4. Beendigung des Annahmeverzugs

Der Annahmeverzug endet, wenn der Arbeitgeber dem Arbeitnehmer die vertragsgemäße Arbeitsaufnahme ermöglicht und ihn zur Arbeit auffordert. Dies gilt jedoch nur für die Zukunft – vergangene Ansprüche auf Annahmeverzugslohn bleiben bestehen.

Während eines Kündigungsschutzverfahrens kann der Arbeitgeber eine sogenannte Prozessbeschäftigung anbieten. Die Ablehnung dieses Angebots kann als böswillige Verdienstunterlassung gewertet werden, was zu einer Anrechnung des fiktiv erzielbaren Verdiensts führen kann.

5. Ausschluss des Annahmeverzugs im Arbeitsvertrag?

Ein Ausschluss des Annahmeverzugs im Arbeitsvertrag ist nicht möglich, da § 615 Satz 1 BGB eine zwingende Schutzvorschrift für Arbeitnehmer ist. Eine entsprechende Klausel wäre nach den Vorschriften über Allgemeine Geschäftsbedingungen (AGB) unwirksam.

6. Verjährung der Annahmeverzugslohnansprüche

Annahmeverzugslohnansprüche verjähren gemäß der allgemeinen Verjährungsfrist nach drei Jahren, beginnend mit dem Zeitpunkt, an dem die Ansprüche fällig geworden sind. Zu beachten ist, dass tarifliche Verfallfristen abweichende Regelungen enthalten können, die eine frühere schriftliche Geltendmachung der Ansprüche erfordern.

7. Ausnahmefälle des Annahmeverzugs

In seltenen Ausnahmefällen kann der Arbeitgeber von der Verpflichtung zur Annahme der Arbeitsleistung befreit sein, wenn das Verhalten des Arbeitnehmers besonders gravierend ist (z. B. strafbare Handlungen oder grobe Pflichtverletzungen, die eine Weiterbeschäftigung unzumutbar machen).

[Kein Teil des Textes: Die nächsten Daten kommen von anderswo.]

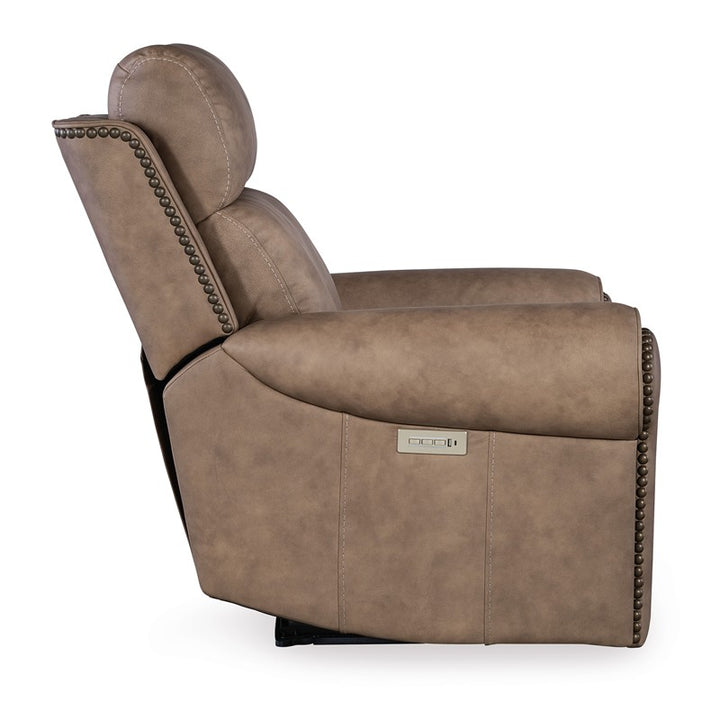 SS - Duncan Power Recliner With Power Headrest & Lumbar - Light Brown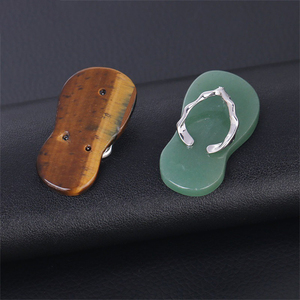 Kristal ayakkabı kolye zarif doğal kuvars gül kristal plaj terlikleri kolye Reiki enerji dengesi narin muska mücevherat - Product Image 6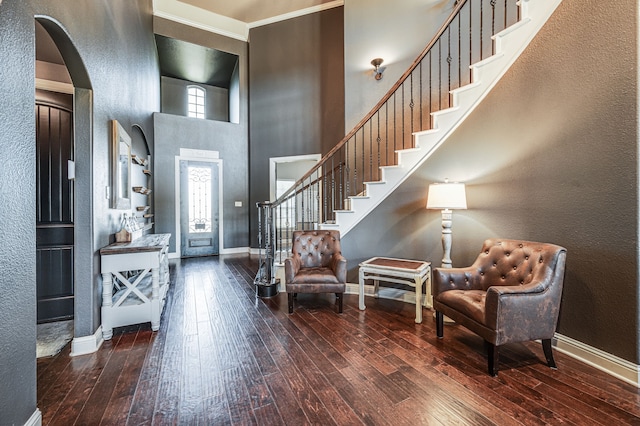 entryway featuring wood-type flooring and a towering ceiling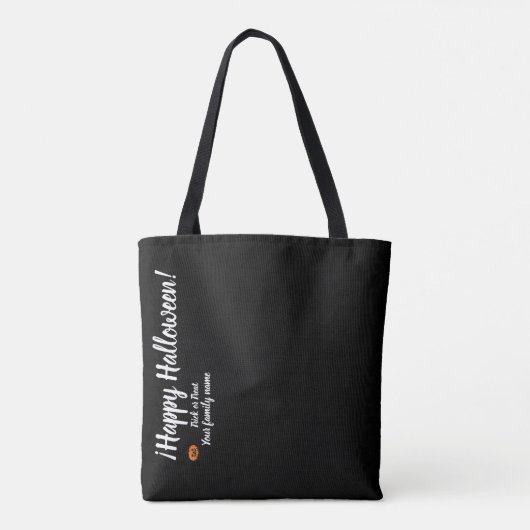 trick or treat, naam gepersonaliseerd, vrolijk Hal Tote Bag (Achterkant)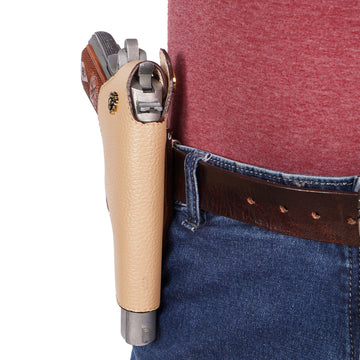 .45 Weapon Handgun Ammo cover Beige Textured Leather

Fazit: Der Annahmeverzug nach § 615 BGB schützt den Arbeitnehmer vor ungerechtfertigtem Gehaltsausfall, wenn der Arbeitgeber die Arbeitsleistung nicht annimmt. Arbeitgeber sollten sorgfältig prüfen, ob sie die Arbeitsleistung des Arbeitnehmers ordnungsgemäß abgelehnt haben, um Annahmeverzugsansprüche zu vermeiden.